The festive, early evening meal consisted of typical French country food: First we sipped some celebratory homemade eaux-de-vie Mirabelle made from the tiny yellow plums from my cousin Renee’s garden. The meal began with these appetizers: a homemade vegetable terrine, crackers with a thin slice of garden tomato, topped with a slice of hard-cooked egg and a dot of homemade mayonnaise, French bread and gherkins. With a nod toward the other side of the Vosge Mountains this was served with a glass of Alsatian Pinot Blanc. Then, followed a roast loin of pork (slightly pink) with a small pitcher of au jus. Haricots Jaune (yellow string beans) sautéed with bacon bits accompanied the roast. This was served with a modest Cote du Rhone. Next was a garden lettuce salad dressed with mustard vinaigrette. (No wine with the salad). Three cheeses followed: Camembert, St. Albert and Port Salud with the remaining wine; and again with French bread and a sweet butter. Finally, there were fresh white peaches and purple grapes from the garden.
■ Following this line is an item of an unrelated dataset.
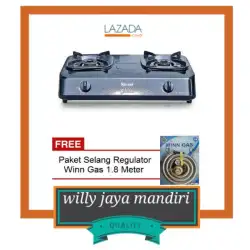 Kompor 2 tungku rinai 302s + Selang Paket Regulator Winn Gas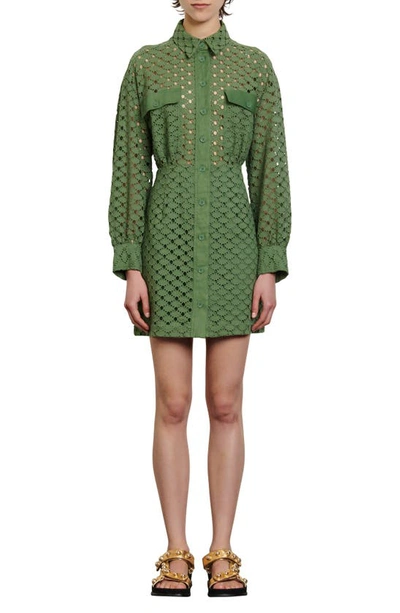 Sandro Shera Embroidered Cotton Mini Dress In Khaki Green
After dinner we sipped tiny glasses of eaux-de-vie Mirabelle. On parting, Renee’s husband Roger gave me some of his eaux-de-vie in a brown whiskey bottle, stopped with a cork. Later that night in our hotel room back in Nancy I sipped some of it before I went to sleep and left the glass on the nightstand by the bed. The next morning the room was perfumed with the scent of the golden plums.

Today, much of the world’s cuisine is homogenous. Let’s hope the traditional family cuisines of Alsace and Lorraine retain their individuality.


San Francisco writer Ernest Beyl is a former U.S. Marine, Hollywood press agent, PR exec and newspaper reporter. These days he spends his time working on a book about San Francisco, writing monthly columns for his city’s Nob Hill Gazette and playing the Chinese gong for the Green Street Mortuary Marching Band. He has written several articles for Saveur Magazine.